Note that using the default set of parametrisation (which has been loosely calibrated to the reference portfolio) does not require the user to input further arguments. In cases where alternative sampling distributions or dependence structures are desired, they can be easily incorporated using the SPLICE framework described in Figure D.1.
The above is implementing the modules sequentially in a transparent way, but the dataset can also be directly generated with a single function generate_data(), for varying levels of complexity; see Section 5.2.

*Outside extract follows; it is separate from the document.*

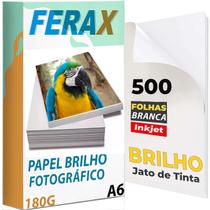 500 Folhas Papel Fotográfico Glossy 180g 10x15 Padrão - FERAX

5.1.2 Comparison with chain ladder
The paid loss data simulated by SynthETIC was in substantial breach of the chain ladder assumptions (Avanzi et al., Reference Avanzi, Taylor, Wang and Wong2021b). Section 6.2.1 of that paper demonstrated that those breaches translated into equally dramatic errors in the chain ladder’s forecast of a loss reserve.
The destructive data features of the earlier paper related essentially to heterogeneity of the claim payment simulation model over time. For example, large (resp. small) claims were affected by small (resp. large) rates of payment period SI. This caused the observed profile of paid losses by development period to shift as one moved from one occurrence period to another.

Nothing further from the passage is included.